If you have not basked in the glow of Celine Dion in person, you may have to adjust your life goals and daily priorities to accommodate what is now, in our book, considered a spiritual necessity.
Like the Titanic itself, you know, before the whole iceberg thing, Dion is an unmatched, larger than life icon whose vocal tenacity, polished show-womanship, and endearing charm, professionalism, and daring fashion choices were on full glittering display on Tuesday night at Little Caesars Arena, where she made her first metro Detroit appearance since 2008 when she performed at the Palace of Auburn Hills.
The 51-year-old opened her two-hour, 18-song hit parade in a red sparkling asymmetrical dress — reminiscent of the one she's pictured wearing on the cover of her forthcoming record, Courage — with what felt like a surprisingly intimate rendition of her sweeping 1996 ballad “It's All Coming Back to Me Now.” Backed by a 17-piece band, including a thick string section and background vocalists, Dion commanded the sparse stage and its lifts and ramps, all of which allowed her to get up close and personal with the nearly sold-out crowd.
The six-minute banger was met with screaming and applause, at which she paused and clutched her heart, looking sincerely taken aback by the outpouring of love.
“You're looking just, like, fabulous,” she said. “You're looking good, your energy is so high. I don't know what's going on, but it's been more than 10 years since we were last here. Listen, listen, listen — that's way too long. I got to look into that and find what happened. And we're gonna fix this.”
She jokingly suggested she had been “locked” away in Sin City and that she has finally “escaped.” Though she may have said that in jest, Las Vegas has had a major grip on the diva as she has spent the better part of a 16-year span occupied with two massive residencies at Caesars Palace, which attracted more than 4.5 million people throughout its run. She closed the lid on her record-breaking residency in June, which has freed her up to make up for the lost time.

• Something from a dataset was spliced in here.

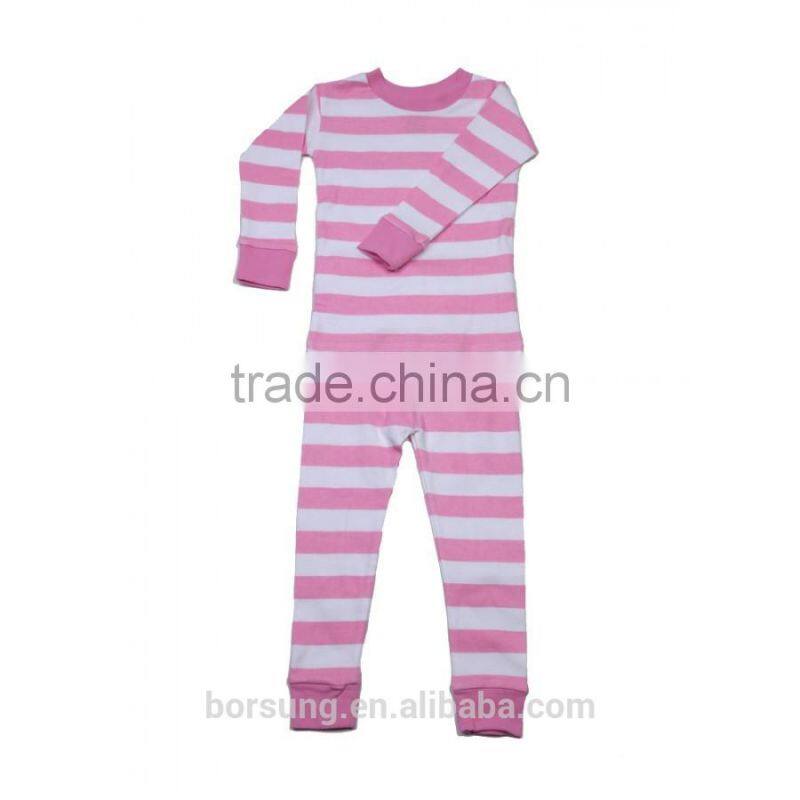 2015 Summer Latest Style, Organic Cotton Girls Pajamas Stripe , Long Sleeve Children Girls Pajamas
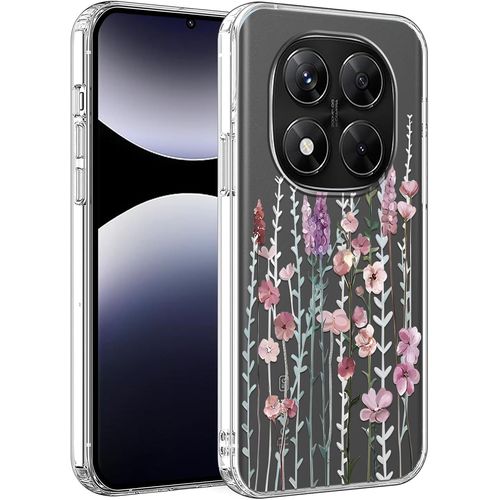 Eryi-Coque Pour Xiaomi Redmi Note 14 Pro 5g/Poco X7 6,67"", Fleur Aesthetic Motif Filles Dessin Transparente Étui, Mince Tpu Silicone Housse Antichoc Protection Case Cover Pour Redmi Note 14 Pro, 01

The French-Canadian diva donned to a dramatic tuxedo-inspired outfit, complete with oversized, billowing, white bell sleeves for a sweeping run, including “If You Asked Me To”, “The Power of Love,” and “Love Can Move Mountains” before launching into a soaring performance of “All by Myself,” and John Farnham's “You're the Voice” — which required Dion to playfully enlist some backup assistance from an enthusiastic and obedient audience.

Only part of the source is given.